Showing Interest in Colleges

Show Interest in Colleges, Show Interest in Ivies, Showing Interest in Ivies

This Nobel Prize-winning economist supports our long-held and well publicizied position that students should absolutely show interest in every college they hope to get into. The economics simply make sense (photo credit: Bengt Nyman).

Showing interest in colleges matters a whole lot! We came across a terrific piece up on “Quartz” by Matt Phillips entitled “The hidden economic rules behind Tinder, marriage, kidneys, and college admissions” that we absolutely wanted to share with our reader base. The piece includes an interview with Alvin Roth of Stanford University, a recipient of the Nobel Prize for his work on matching kidney donations (he also had a whole lot to do with residency matching for those aspiring physicians). The interview includes the perspective of this Nobel Prize-winning economist on why college applicants should show interest to the colleges they want to get into. It’s not like we haven’t been writing about the importance of showing interest in colleges for years, but why not share the point of view of one of the world’s leading economists? Particularly when he agrees with us (hey, we never claimed to be objective…but we do tell it like it is).

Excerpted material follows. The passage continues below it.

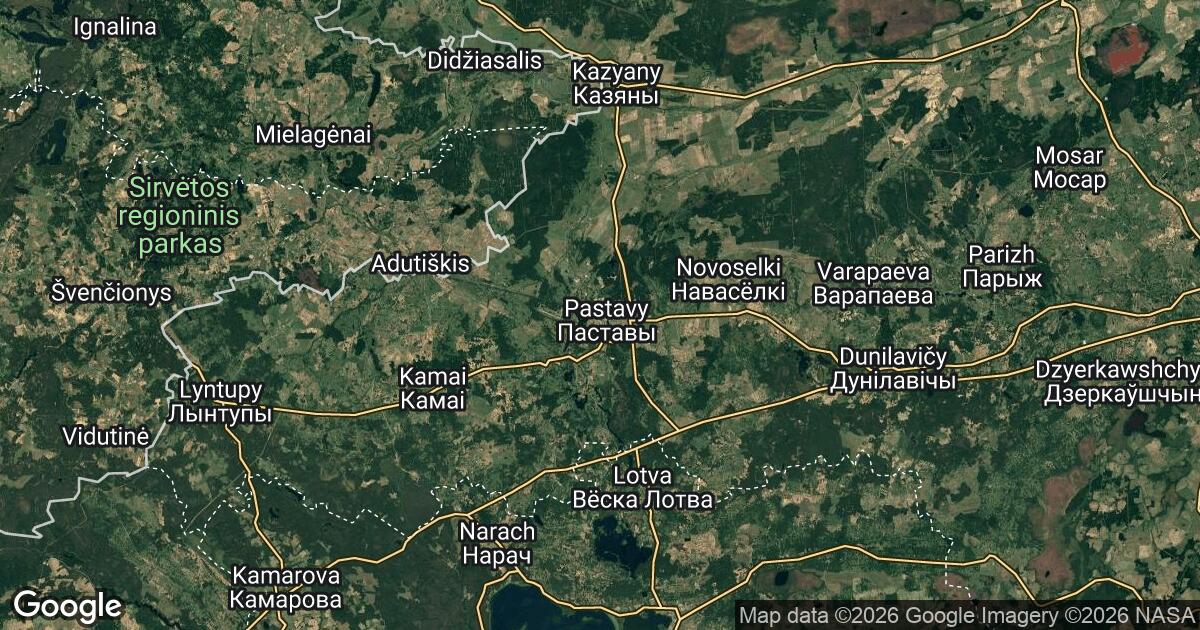 178.172.178.169 Pastavy, Vitebsk, 🇧🇾 Belarus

As Roth says in the interview, “So college admissions is a matching market. You can’t just go to Stanford. You have to be admitted. Stanford is a pretty fancy university. So my guess is our admissions office doesn’t worry a whole lot about how interested you are. They presume you might be interested in Stanford. But lots of places have to sort among many, many applicants. And… it’s costly to have too few or too many students. So it’s important to them to guess not just how much they like you, but how much you like them, in order to identify students who will come.But at the same time it’s gotten easier and easier to make applications. If you put in your application through the Common App it’s easy to add one more application…There are lots of things at play but part of admissions, part of courtship of all sorts in matching markets, is not just indicating that people should be interested in you, but that you are interested in them. Think about courting a spouse. You want to show that you’re a marriageable guy. But you also want to show that you’re interested, so that attention spent on you is not going to be wasted. [So] if you come to campus, show that you came to campus. Because you can apply to two dozen colleges but you probably can’t visit two dozen colleges.”

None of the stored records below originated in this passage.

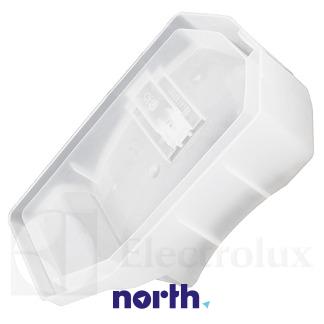 Taca na skropliny do zamrażarki Electrolux EUN2244AOW,2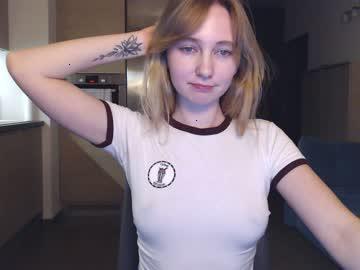 twix_girl chaturbate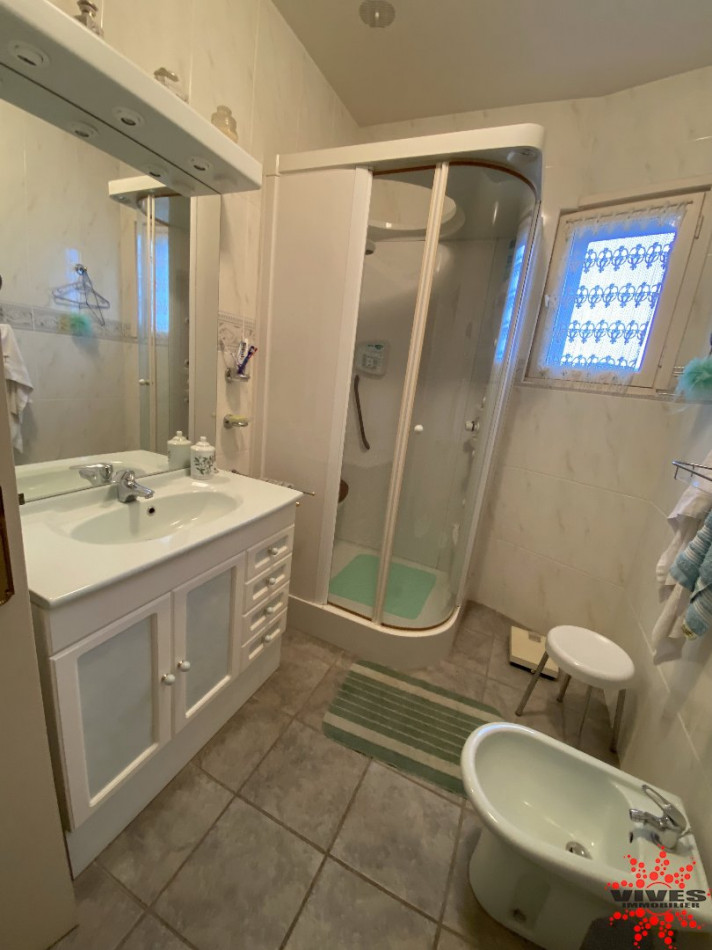 sale Maison de village Thezan Les Beziers - Photo 7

We couldn’t have said it better ourselves. But now the next time we make this argument, we’ll just add in there that a Nobel Prize-winning economist backs us up. Of course it’s important to visit a college you’re interested in gaining admission to. Of course it’s important to fill out the card, sign the guestbook, or check in the receptionist when you visit (how else will they know you visited?). Many (though not all) highly selective colleges physically check students in when they visit. Indeed the vast majority of highly selective colleges measure a student’s Interest Quotient (and we are always quick to credit Emory University in particular for jumpstarting this movement many years ago). They want to know you love them. They want to know that if you get in, that you’ll go. After all, yield indirectly impacts a college’s “US News & World Report” ranking. And, in the end, that is what a college cares about most…their “US News & World Report” ranking. Colleges might deny this. But that doesn’t mean it isn’t true. After all, we tell it like it is at Ivy Coach.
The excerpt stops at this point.